[Dataset content]

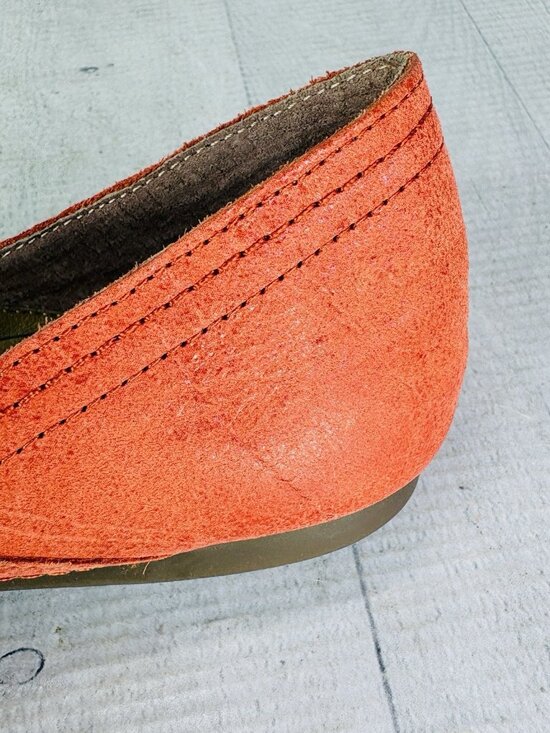 Lucky Brand ALBA Grenadine Hard Rock Orange Leather Square Toe Flat Shoe Sz 6 M - Picture 16 of 16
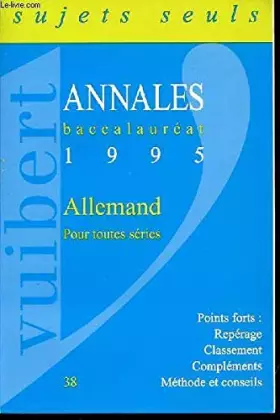 Couverture du produit · Annales baccalauréat, 1996 : Allemand - Corrigés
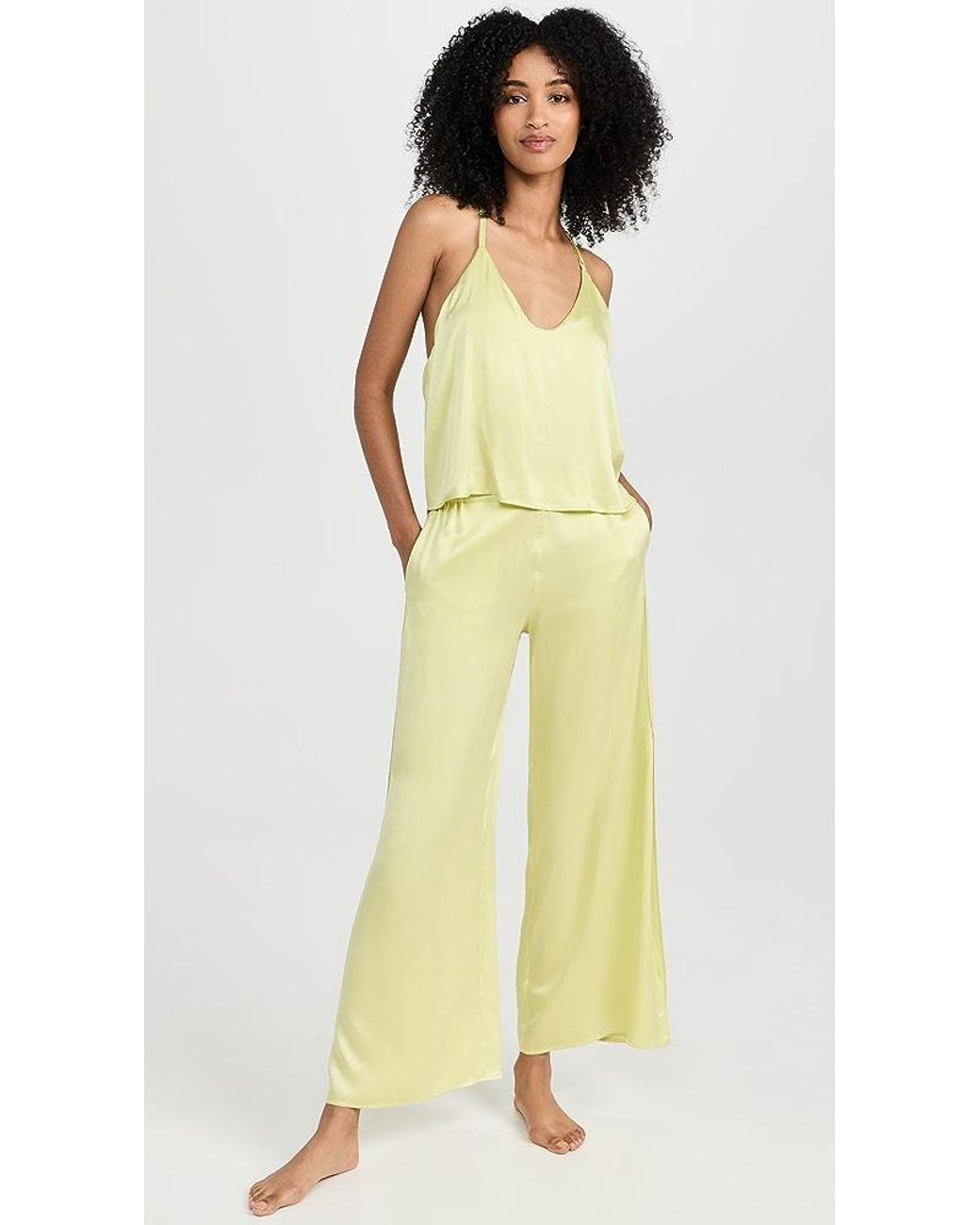 Lunya Washable Silk Cami Pants Set in Yellow | Lyst Canada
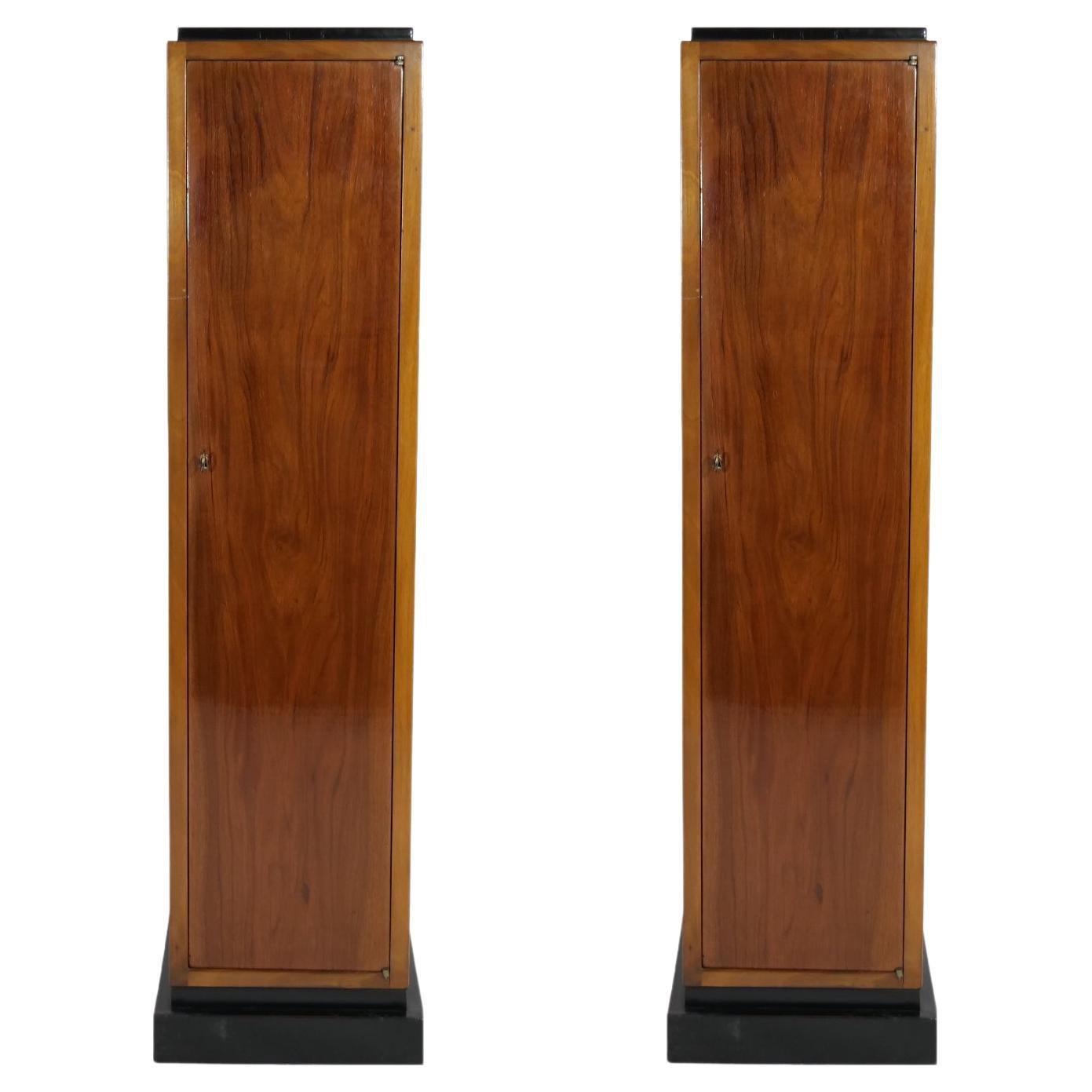 Pair Art Deco Mahogany Cabinet Pedestals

[/Dataset content]

About this task » Please, leaving out all pictures, transcribe exactly the lines above from the one containing "Couverture du produit" through the final line, both included.

Written answer »
 Couverture du produit · Annales baccalauréat, 1996 : Allemand - Corrigés
 Lunya Washable Silk Cami Pants Set in Yellow | Lyst Canada
 Pair Art Deco Mahogany Cabinet Pedestals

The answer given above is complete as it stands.